The following reaction is first order, C2H6==> 2CH3. If the rate constant is equal to 5.5 x 10-4 s^-1 at 1000 K, how long will it take for 0.35 mol of C2H6 in a 1.00 L container to decrease to 0.20 mol in the same container?

Thank you very much

I'm not surprised. Why did you substitute 1000 for k? The problem states k = 5.5 x 10^-4 s^-1. You substituted 1000 Kelvin which is the temperature.

ok i got i now thank you very much

ln(No/N)

=ln(0.35/0.20)
= 0.559
0.559/5.5*10-4
=1017.48
=17mins

ln(No/N) = kt

ln(0.35/0.20) = kt
Substitute for k and calculate t. The calculated time will be in seconds.

ln(No/N) = kt

ln(0.35/0.20) = kt
ln(0.35/0.20)=1000*t
ln(0.35/0.20)/(1000)=5.59

but that answer is not on my worksheet im i doing something wrong?

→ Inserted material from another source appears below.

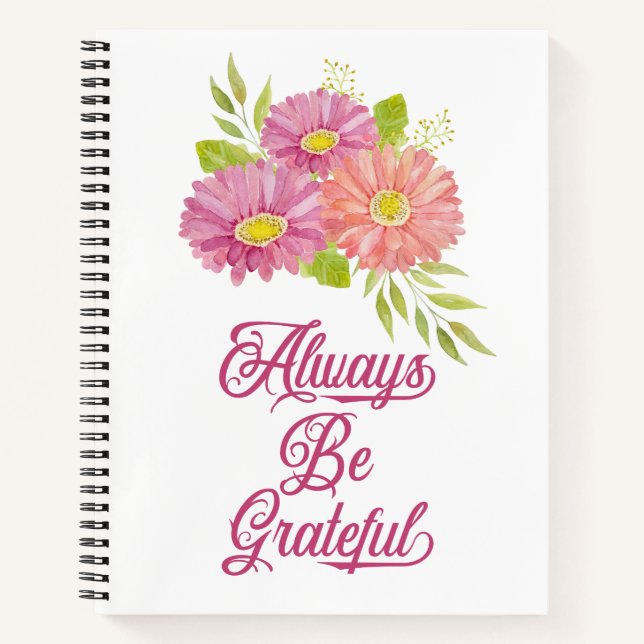 Journal des gerbera reconnaissants (Devant)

oh haha i didn't notice i feel dumb now

i am trying to find tis answer but I m getting different result

To solve this problem, we can use the first-order rate equation:

rate = k * [C2H6]

Where:
rate = rate of reaction
k = rate constant
[C2H6] = concentration of C2H6

Given:
Rate constant, k = 5.5 x 10^-4 s^-1
Initial concentration, [C2H6]₀ = 0.35 mol/L
Final concentration, [C2H6] = 0.20 mol/L

We need to find the time it takes for the concentration of C2H6 to decrease from 0.35 mol/L to 0.20 mol/L.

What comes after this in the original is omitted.